[Stored dataset items]
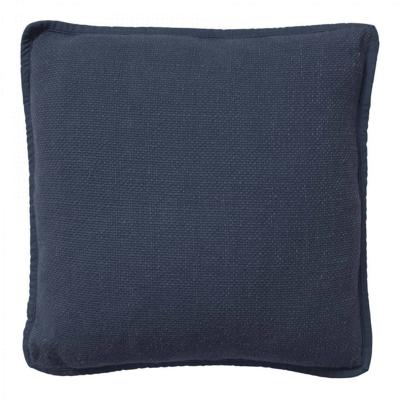 Sierkussen Bowie 45x45 cm Insignia Blue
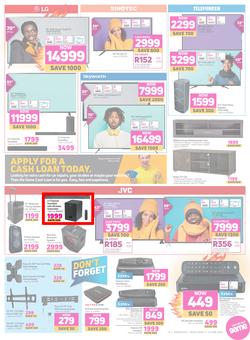Game : Beat The Winter Blues (01 June - 14 June 2022), page 3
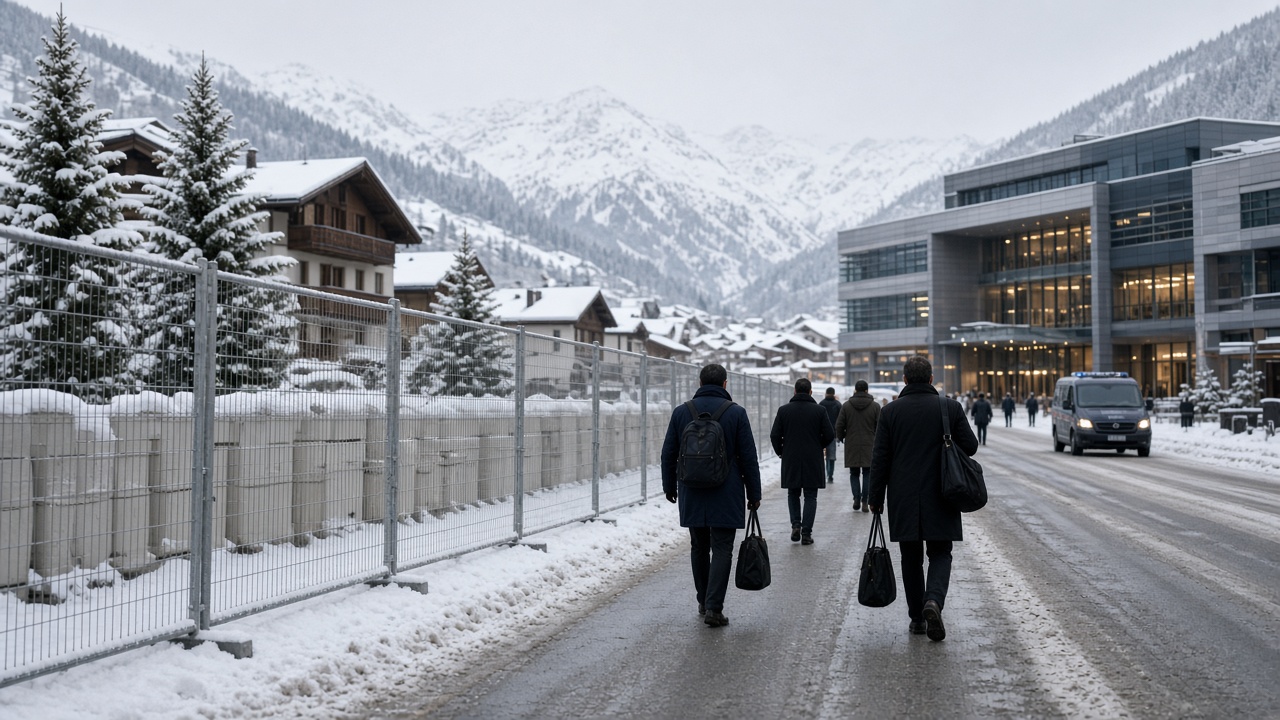 Geneva's August Lull Ends as September Delegations Book Rooms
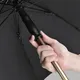 Stick Umbrellas Available for Specifications and Quantities - - Blueprint Umbrella-1 2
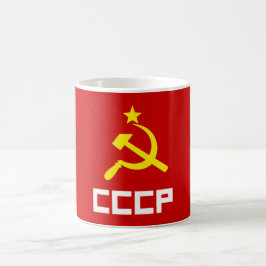 CCCP Tasse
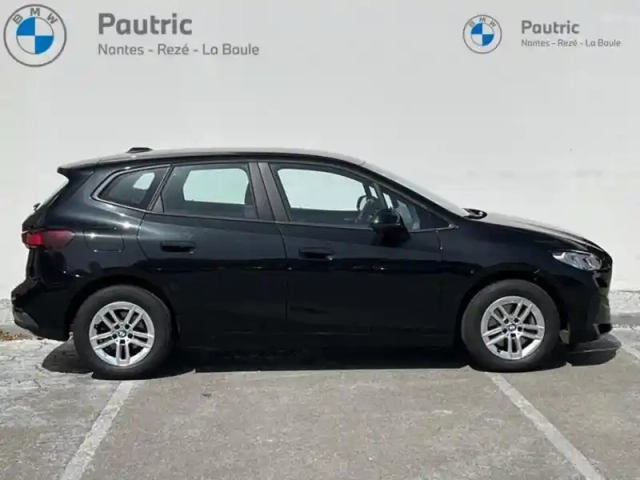 Bmw Serie 2 série 2 activetourer 218i 136ch dkg7 — photo 19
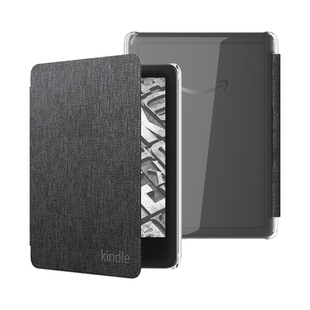 原装亚马逊Kindle Paperwhite Colorsoft电子书kpw6保护套保护壳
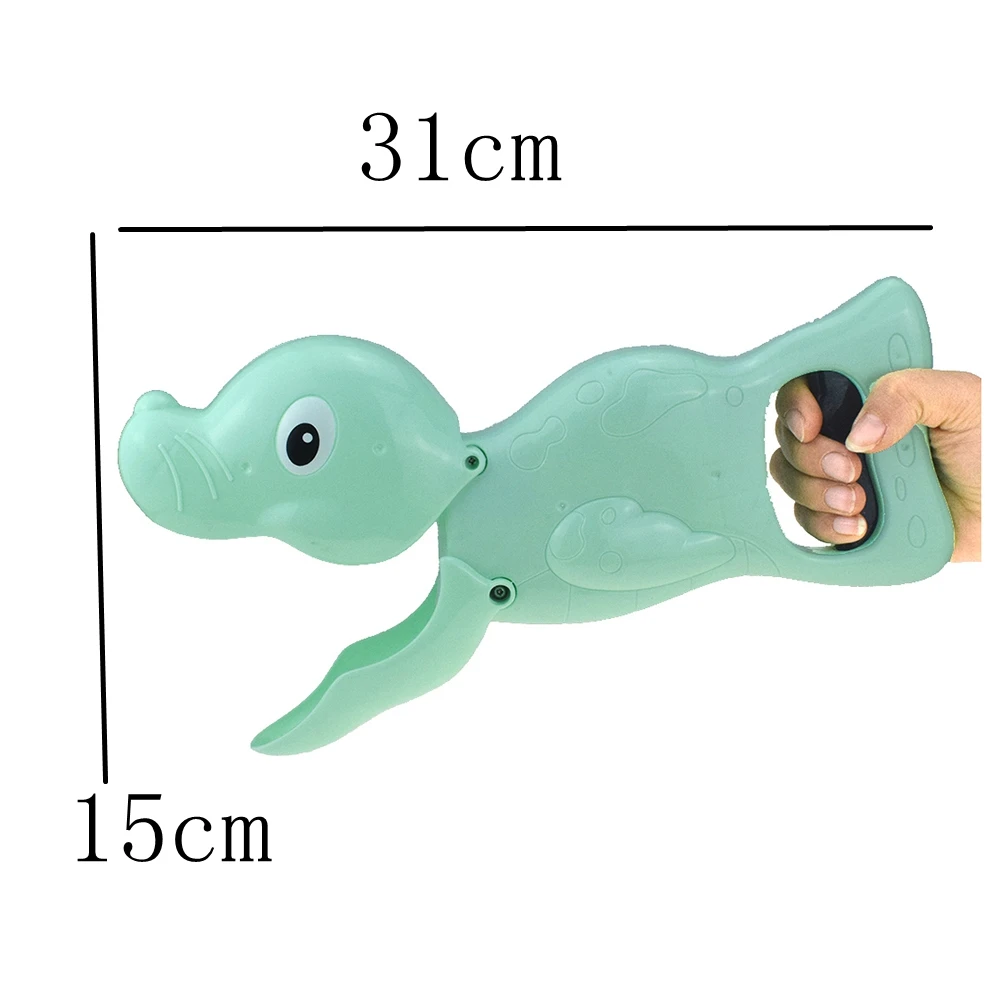 Sea Lion manipulator toy Child Bath Toy Bathroom Various Marine Life Manipulator Gobble Early Educational Water Toy Kid Gift
Sea Lion manipulator toy Child Bath Toy Bathroom Various Marine Life Manipulator Gobble Early Educational Water Toy Kid Gift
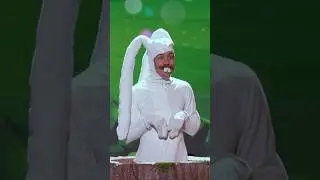 Hoppy Easter!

__Problem to work on__:
Repeat exactly the lines from the one holding "Bmw Serie 2" through the last line of the entries, both included; the pictures do not belong in the copy.

__Output below__:
 Bmw Serie 2 série 2 activetourer 218i 136ch dkg7 — photo 19
 原装亚马逊Kindle Paperwhite Colorsoft电子书kpw6保护套保护壳
 Sea Lion manipulator toy Child Bath Toy Bathroom Various Marine Life Manipulator Gobble Early Educational Water Toy Kid Gift
Sea Lion manipulator toy Child Bath Toy Bathroom Various Marine Life Manipulator Gobble Early Educational Water Toy Kid Gift
 Hoppy Easter!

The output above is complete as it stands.